- Material for the task -
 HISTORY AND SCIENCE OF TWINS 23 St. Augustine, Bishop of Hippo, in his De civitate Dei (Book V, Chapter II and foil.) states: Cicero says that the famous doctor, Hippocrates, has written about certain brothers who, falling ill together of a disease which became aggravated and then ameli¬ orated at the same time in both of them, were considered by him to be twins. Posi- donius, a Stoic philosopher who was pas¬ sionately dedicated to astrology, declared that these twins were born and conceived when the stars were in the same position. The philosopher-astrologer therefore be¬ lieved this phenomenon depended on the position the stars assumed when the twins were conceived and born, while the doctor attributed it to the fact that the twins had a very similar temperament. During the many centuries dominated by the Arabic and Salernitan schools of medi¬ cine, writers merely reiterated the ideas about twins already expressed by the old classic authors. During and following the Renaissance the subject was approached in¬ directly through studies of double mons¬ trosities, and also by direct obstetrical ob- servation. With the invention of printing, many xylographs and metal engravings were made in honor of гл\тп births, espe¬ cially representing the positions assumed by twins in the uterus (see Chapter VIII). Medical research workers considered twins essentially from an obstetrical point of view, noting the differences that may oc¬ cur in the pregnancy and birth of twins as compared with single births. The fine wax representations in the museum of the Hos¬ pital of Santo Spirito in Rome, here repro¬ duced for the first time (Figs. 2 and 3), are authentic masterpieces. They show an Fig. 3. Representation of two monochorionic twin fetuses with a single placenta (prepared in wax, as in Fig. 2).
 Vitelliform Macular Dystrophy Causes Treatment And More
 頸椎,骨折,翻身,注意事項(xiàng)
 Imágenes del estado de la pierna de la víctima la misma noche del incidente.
==
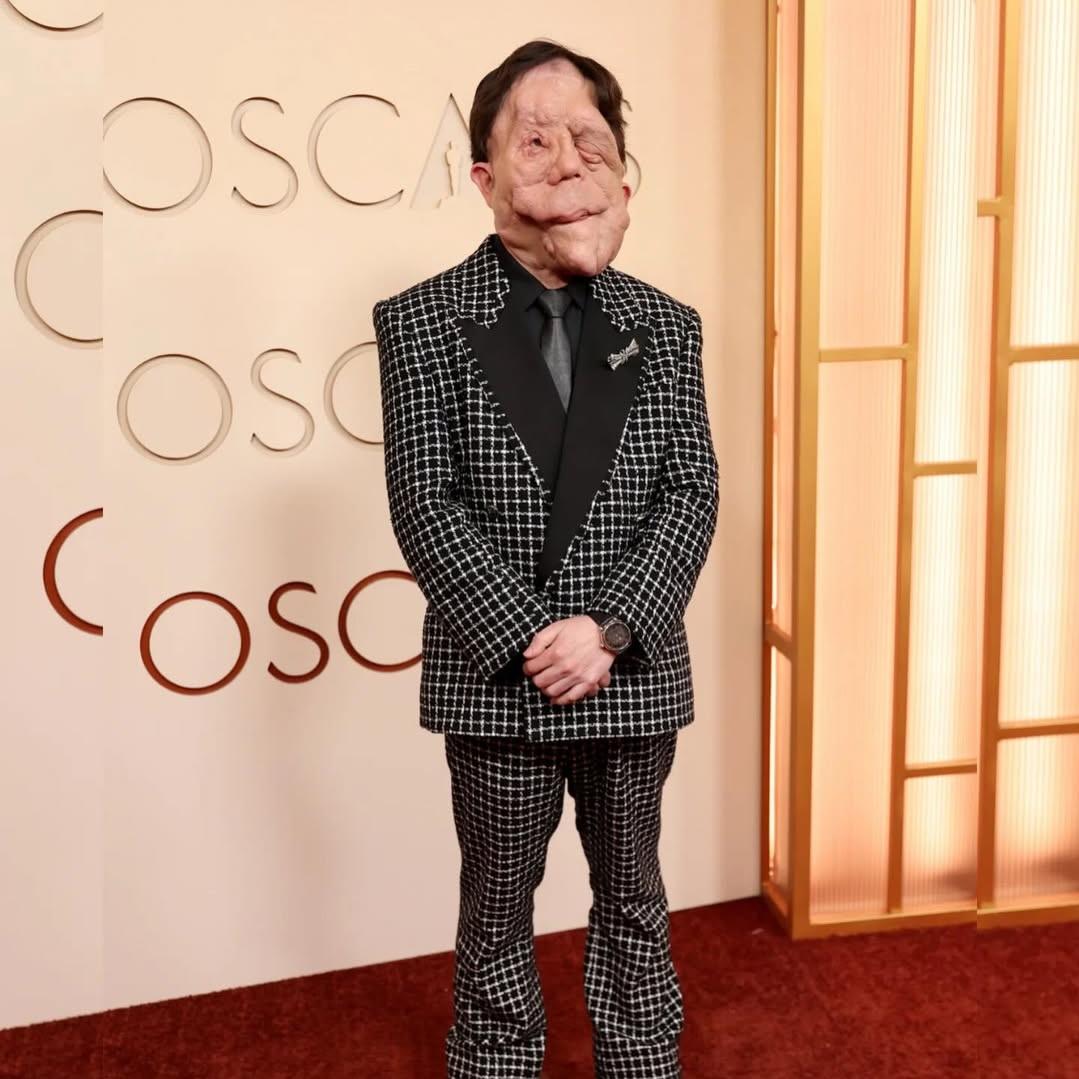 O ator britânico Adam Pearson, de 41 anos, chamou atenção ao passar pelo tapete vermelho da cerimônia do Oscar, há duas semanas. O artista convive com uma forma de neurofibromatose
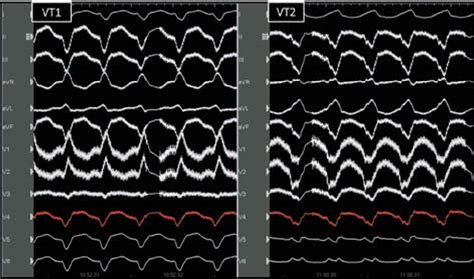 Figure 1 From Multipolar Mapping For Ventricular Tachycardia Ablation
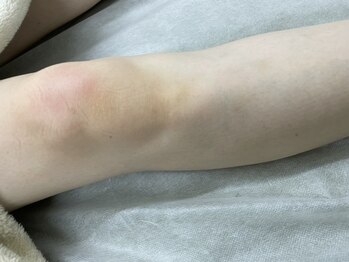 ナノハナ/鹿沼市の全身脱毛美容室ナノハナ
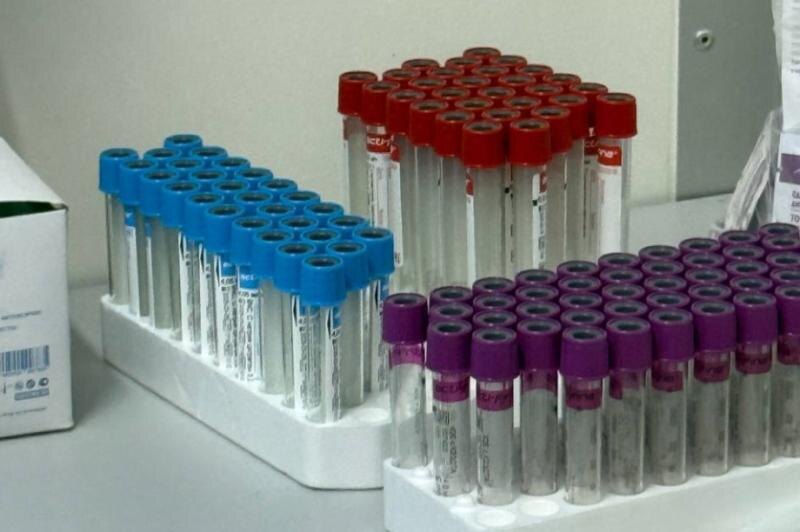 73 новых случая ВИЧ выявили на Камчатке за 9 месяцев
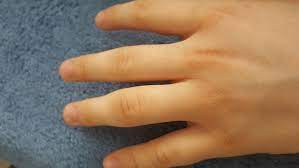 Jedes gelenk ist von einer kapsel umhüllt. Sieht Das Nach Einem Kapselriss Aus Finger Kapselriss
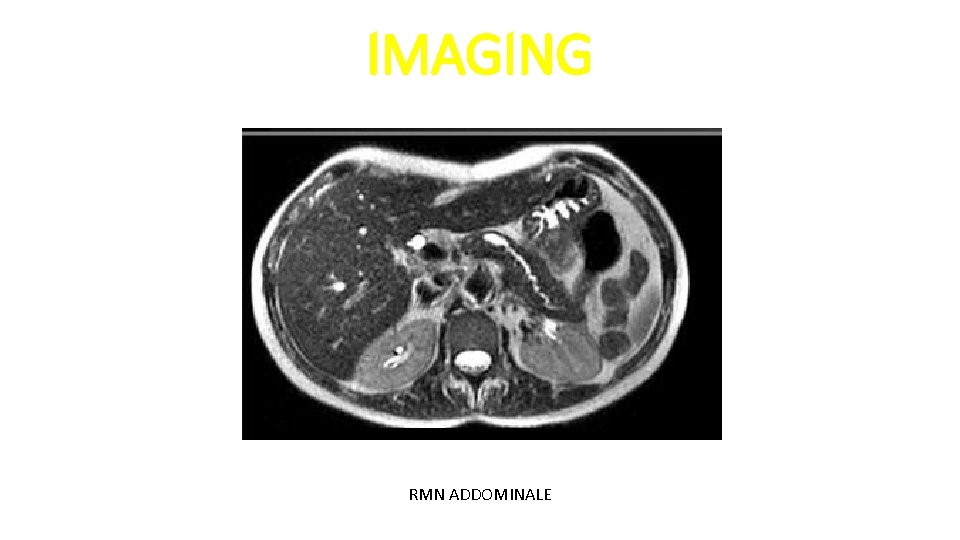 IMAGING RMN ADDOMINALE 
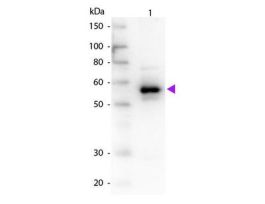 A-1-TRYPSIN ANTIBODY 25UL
---
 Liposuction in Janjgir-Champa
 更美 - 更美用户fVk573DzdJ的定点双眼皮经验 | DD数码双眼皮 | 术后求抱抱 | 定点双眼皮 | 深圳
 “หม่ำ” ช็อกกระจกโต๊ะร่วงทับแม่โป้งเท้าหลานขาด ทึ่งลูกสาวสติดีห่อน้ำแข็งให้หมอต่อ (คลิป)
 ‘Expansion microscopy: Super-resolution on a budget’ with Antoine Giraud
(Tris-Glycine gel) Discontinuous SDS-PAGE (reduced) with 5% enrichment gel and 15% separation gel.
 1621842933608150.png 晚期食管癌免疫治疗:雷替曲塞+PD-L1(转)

- Exercise aim -
Within the listing above, find the line containing "73 новых случая" and the line containing "A-1-TRYPSIN ANTIBODY 25UL". Transcribe them and everything between them exactly, leaving out the pictures.

- Solved exercise -
 73 новых случая ВИЧ выявили на Камчатке за 9 месяцев
 Jedes gelenk ist von einer kapsel umhüllt. Sieht Das Nach Einem Kapselriss Aus Finger Kapselriss
 IMAGING RMN ADDOMINALE 
 A-1-TRYPSIN ANTIBODY 25UL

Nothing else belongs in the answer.